As Patrick Jaicomo, a civil rights litigator at the center-right Institute for Justice notes, besides Ho choosing to offer “prejudicial statements” about the petitioners being gang members, “his complaint about court hours is puzzling in light of 28 USC 452.”
That statute reads: “All courts of the United States shall be deemed always open for the purpose of filing proper papers, issuing and returning process, and making motions and orders.”
Ho apologizes again to Trump.
“The district judge is not the only public official whose treatment in this case warrants comment,” he writes. “Recall why the district court established a 24-hour filing deadline. The court firmly believed that the government should have the right to express its views before any ruling is issued. And rightly so.”
Ho continues, “It should go without saying that the president and his fellow executive branch officials deserve the same respect that courts regularly afford every other litigant — including other presidents and officials.”
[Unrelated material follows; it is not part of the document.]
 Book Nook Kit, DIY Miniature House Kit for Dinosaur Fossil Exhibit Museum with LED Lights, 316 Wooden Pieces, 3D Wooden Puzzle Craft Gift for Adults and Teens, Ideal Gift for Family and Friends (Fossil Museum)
He then writes that Barack Obama “tried to shame members of the Supreme Court during a State of the Union address by disparaging a recent ruling” — referring to when Obama said that the court’s 2010 Citizens United ruling “will open the floodgates for special interests… to spend without limit in our elections.” (It did.)
Ho adds that Bill Clinton “was disbarred from practicing law before the Supreme Court,” reportedly in relation to sexual harassment investigations. (Clinton resigned rather than fight disbarment before the Supreme Court.)
“Yet I doubt that any court would deny any of those presidents the right to express their views in any pending case to which they are a party, before issuing any ruling,” Ho concludes. “Our current president deserves the same respect.”
The federal courts aren’t a Denny’s — but Ho, the Fifth Circuit judge, has cooked up a Grand Slam for Trump.